Ce roman est le premier qu’Annie Jay a écrit. Avec le recul, ce livre a été jugé trop compliqué : les personnages sont très nombreux, le vocabulaire, trop soutenu et les phrases sont très longues… Quelques années après sa parution, l’éditeur à proposé à Annie d’alléger une partie du texte, de couper certaines phrases, de supprimer des personnages secondaires… Voilà pourquoi il existe deux versions de ce livre !

Inspirations…

A 4 ans et demi, elle savait déjà lire ! Adolescente, elle lisait Alexandre Dumas, Théophile Gautier… mais c’est le premier qui l’a beaucoup inspirée. Elle a puisé dans ces livres d’aventures toutes les ficelles, les schémas qui permettent de créer des rebondissements.  A partir d’une anecdote, d’un fait réel elle tisse une histoire. Elle est très à l’écoute des scènes de la vie quotidienne… Elle capte des ambiances, des regards, elle écoute beaucoup les conversations dans les trains, les restaurants… Elle note des prénoms. Son inspiration est multiple.

S’est-elle essayée à d’autres genres ?

Oui.  A la poésie et au théâtre mais cela n’a jamais abouti. Elle n’est pas à l’aise dans ce genre d’histoires. De même qu’elle n’écrit que pour les enfants et les adolescents et pas pour les adultes. Elle préfère largement « transmettre l’Histoire » à des esprits neufs à travers ses livres, c’est beaucoup plus intéressant ! Et puis la littérature de jeunesse a une durée de vie plus longue qu’un livre pour les adultes.

Les livres dont elle est le plus fière ?

Il lui est difficile de répondre à cette question… C’est un peu comme si on  demandait à une maman lequel de ses enfants elle préfère. Elle les aime tous mais pour des raisons différentes. Par exemple, « Les Roses de Trianon » : elle s’est régalée à inventer des aventures où les héros se chamaillent… « Le comédien de Molière« , elle a pris énormément de plaisir à raconter la « façon dont se transmet le métier de comédien »… Le livre qui a eu le plus de succès est « A la poursuite d’Olympe ».

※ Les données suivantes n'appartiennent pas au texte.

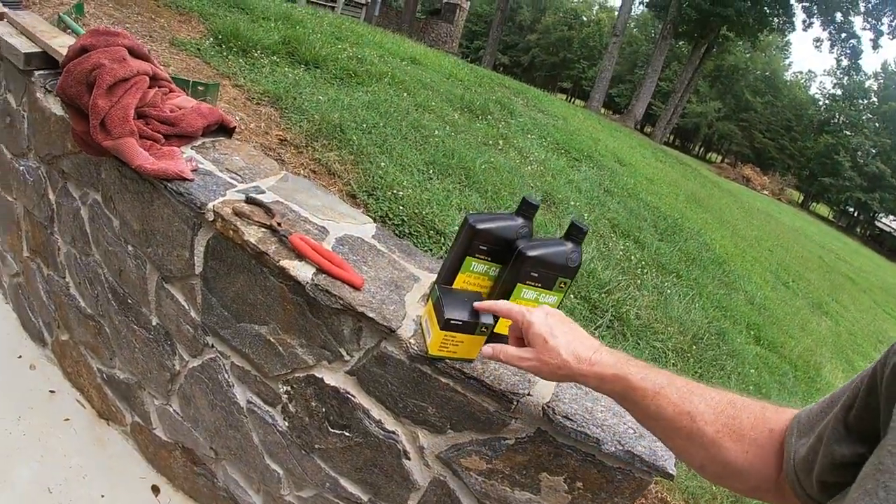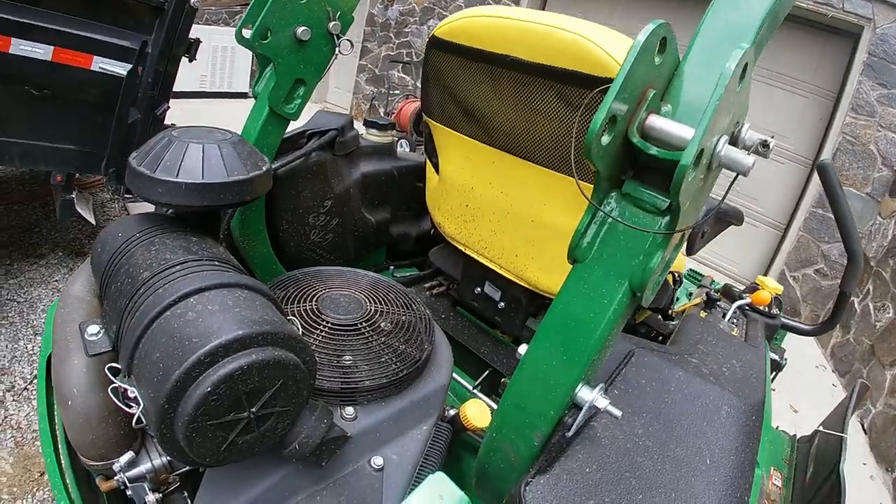Now that the oil has drained, the next thing is to do the oil filter. This is probably the messiest part of the job because the filter is on the side of the engine. John Deere does something neat to help reduce the mess, but it's still going to be a little messy, so always have a drop cloth or towel handy. Another great tool to have is an oil filter wrench — ever since I got one it's made life so much easier.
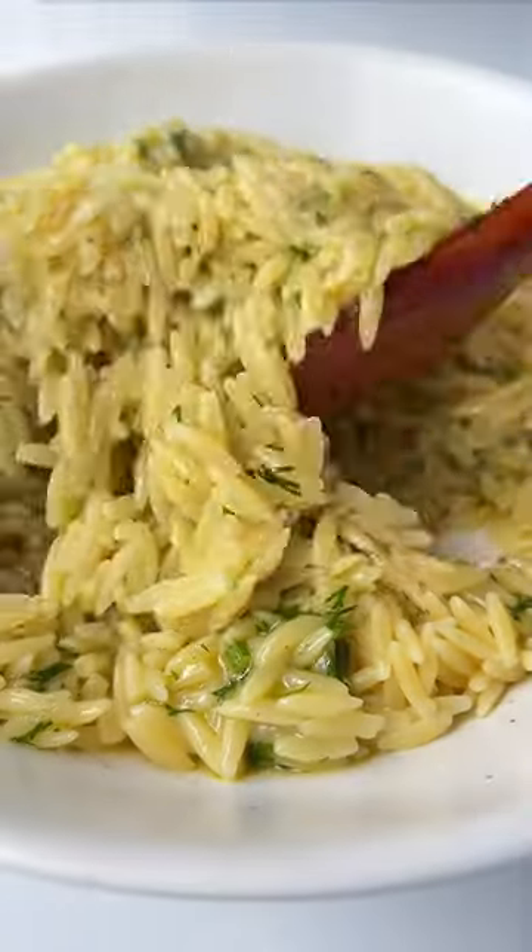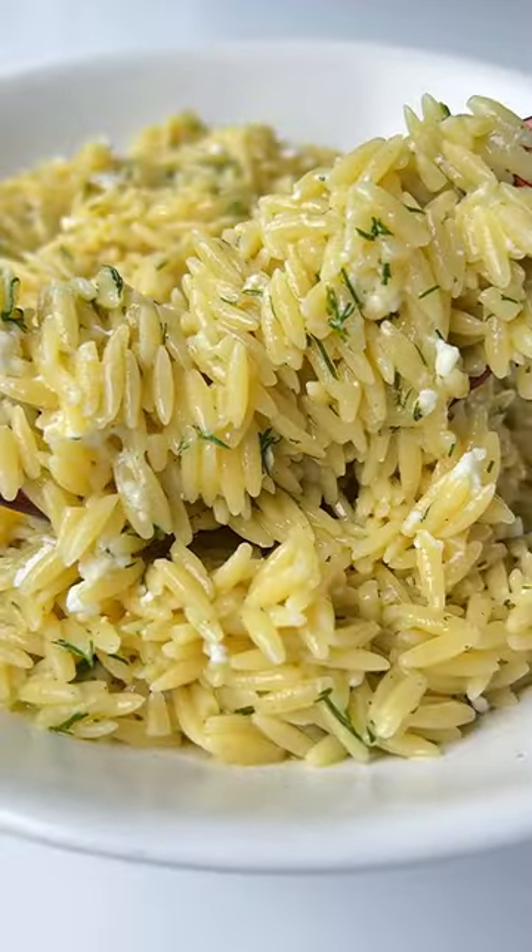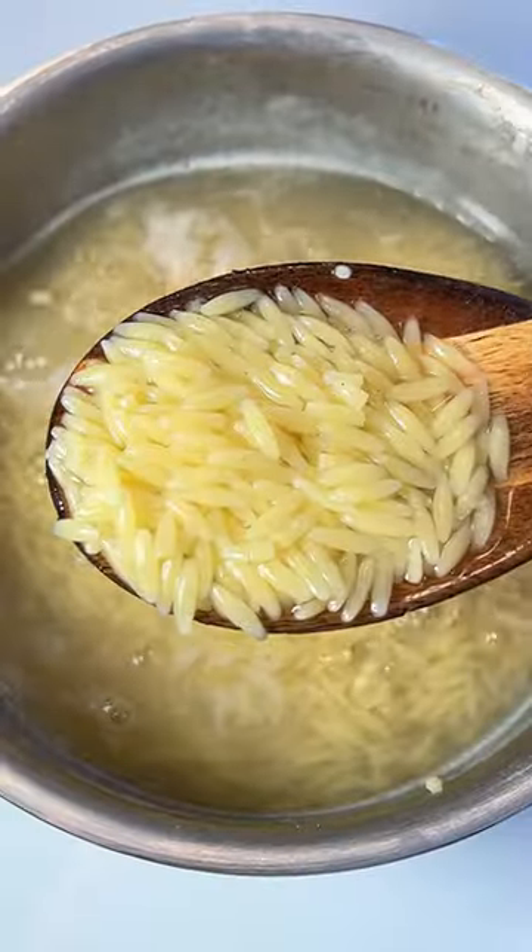If you want to eat like a Greek, make my lemon feta orzo with a dressing I can chug. Let's go! In boiling salted water, boil the orzo and strain out the water.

Et parfois le succès ne tient pas à grand-chose…

Annie est du genre franche et quand elle dit qu’elle n’aime pas, elle n’y va pas par quatre chemins. Que ce soit à propos de certaines couvertures ou illustrations, elle avoue tout haut que quelques unes sont franchement moches et pourtant, elle n’y peut rien… Ce n’est pas elle qui dessine et surtout qui décide de telle ou telle illustration. C’est l’éditeur qui choisit ou modifie à sa guise l’image de couverture et/ou  celles qui vont apparaître à l’intérieur. En tant que détenteur des droits du livre, il peut se permettre beaucoup de choses sans même consulter Annie !

Il est donc très frustrant de constater que les livres dont les couvertures sont franchement peu réussies ne se sont pas beaucoup vendus et celles dont les illustrations sont un peu meilleures – et dont la promo a été au top – se sont bien vendus !

Des projets ?

Oui, plein ! Le nouveau pari est d’écrire pour les 8-10 ans. C’est actuellement en cours… Le sujet est une princesse : la sœur de Louis XVI qui était une vraie peste, colérique, insolente…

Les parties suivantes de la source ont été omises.